RESULTS: Decreased expression of reg3g was associated with the progression of NASH. Ileal deficiency in reg3g resulted in damage to the intestinal barrier and permeability, leading to the recruitment of endotoxins via the \'gut-liver\' axis to the liver, causing the polarization of M1 macrophages, release of inflammatory factors, excessive inflammation, and activation of hepatic stellate cells (HSCs), leading to fibrosis. FAQ significantly upregulated ileal reg3g expression and the expression of intestinal barrier-related proteins tight junction protein 1 (ZO-1) and occludin (OLCN) in mice (p < 0.05), thereby improving intestinal barrier function and permeability. Reduced intestinal permeability led to decreases in endotoxins entering the bloodstream and accumulating in the liver (p < 0.05).
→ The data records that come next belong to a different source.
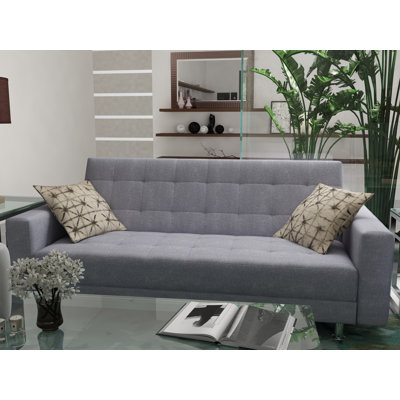 Wade Logan WADL4449 Spirit Lake Sleeper Loveseat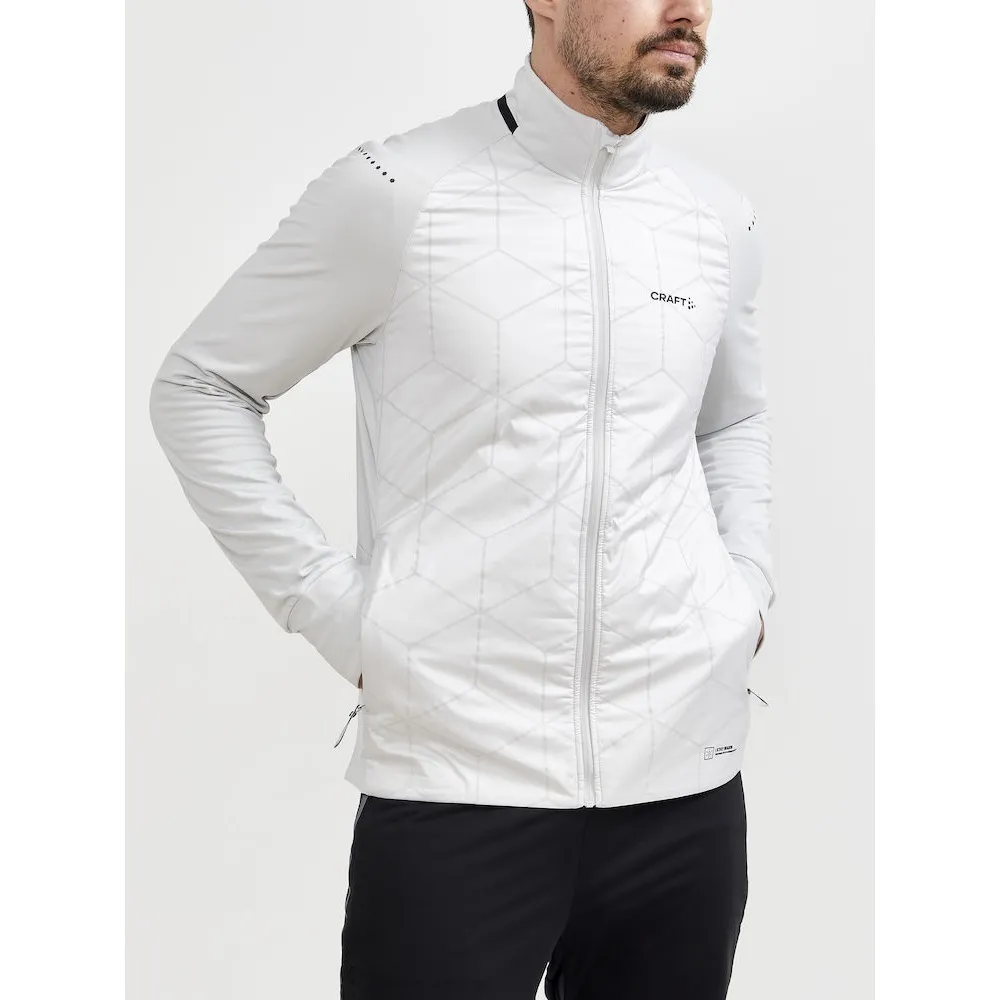 Craft Men&#x27;s Adv Subz Lumen Jacket 2 Ash | Buy Craft Men&#x27;s Adv Subz Lumen Jacket 2 Ash here | Outnorth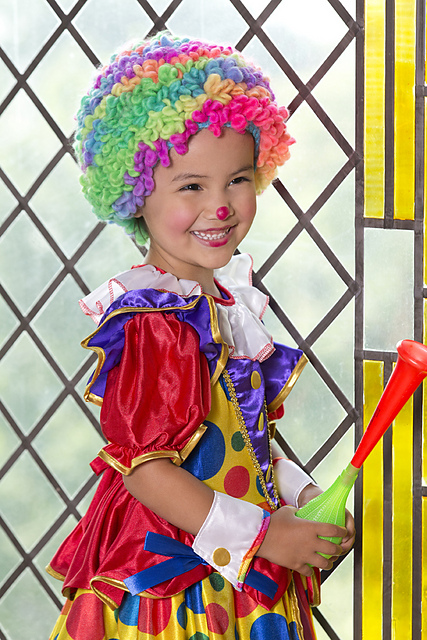 Clowning Around Wig
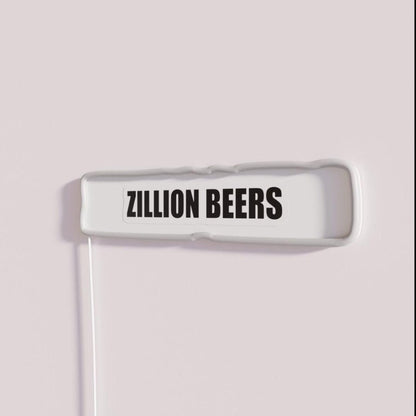 A Zillion Beers Rgb Led Neon Sign - Shineneon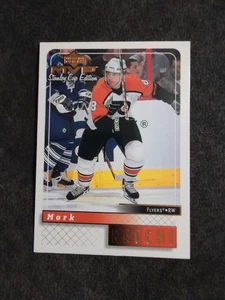 1999-00 Upper Deck #134 Mark Recchi MVP Stanley Cup Edition Flyers Hockey Card - Bild 1 von 2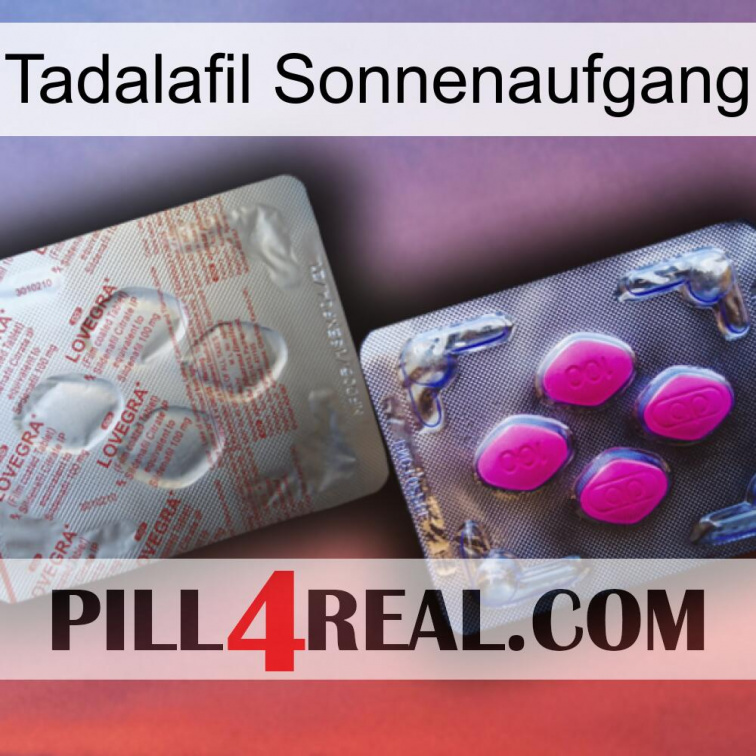 Tadalafil Sunrise 38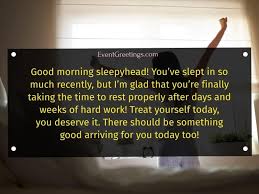 Definition of something in it for her in the idioms dictionary. 35 Cute Good Morning Paragraphs For Her To Wake Up Events Greetings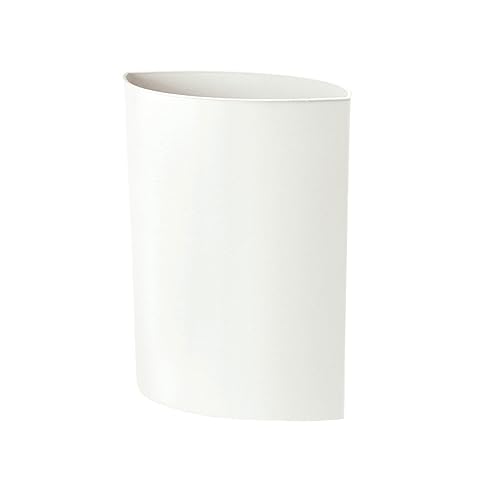 Depot4Design Maxi Lip Papierkorb, Abfalleimer, Mülleimer, Polypropylen, Weiß, 1090798 von WEIPAI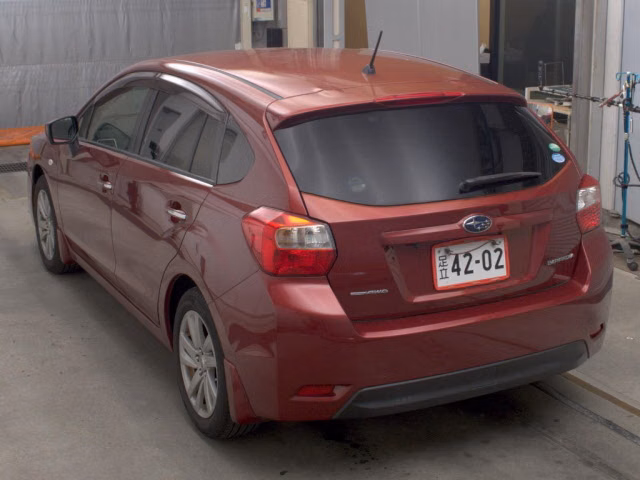 SUBARU IMPREZA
The expression of CD68 suggested reduced polarization of M1 macrophages. Expression levels of actin alpha 2, smooth muscle actin (α-SMA) and extracellular matrix (ECM)-related proteins also decreased, indicating improved liver fibrosis.
CONCLUSIONS: FAQ ameliorates NASH by upregulating the expression of reg3g. The upregulation of reg3g contributes to the repair of the intestinal barrier and permeability, reducing the recruitment of endotoxins and subsequent polarization of M1 macrophages, excessive inflammation, and fibrosis.